COVID-19 could also cause significant quality concerns, especially if parties suffer from labor shortages requiring scrambling to provide sufficient manpower, or if schedule delays necessitate resequencing of work and trades working in atypical order. To triage and determine potential quality concerns, parties should review prior withholdings in payment applications for rework by subcontractors, excessive requests for information (RFIs) to the design team and, if applicable (based on the stage of the project), significant and unexpected punch lists. Parties also often realize quality concerns when contractors declare substantial completion and request inspection for substantial completion when visual inspection of the property clearly shows an incomplete condition.
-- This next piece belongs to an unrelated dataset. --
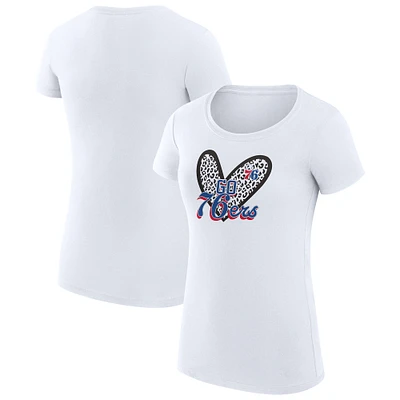 Women's G-III 4Her by Carl Banks White Philadelphia 76ers Super-Slim Fit Lightweight Leopard Heart T-Shirt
Lastly, lender consultant reports or other third-party inspection reports may provide another source for determining whether excessive quality concerns will likely manifest on the project. These reports, although often clouded by the drafter’s desire to satisfy what the recipient desires to hear, can reveal considerable risk of quality issues because if outside consultants reference quality risks, then the quality clearly fails to meet minimum requirements.
COVID-19 creates substantial risk for the construction industry, especially with respect to schedule, cost and quality. However, early identification of these potential pitfalls will create considerable opportunity for overcoming the risk and keeping the project on track for success. Identifying the documents, materials and information needed to triage the project risks is step one of a longer process, but will almost always pay dividends.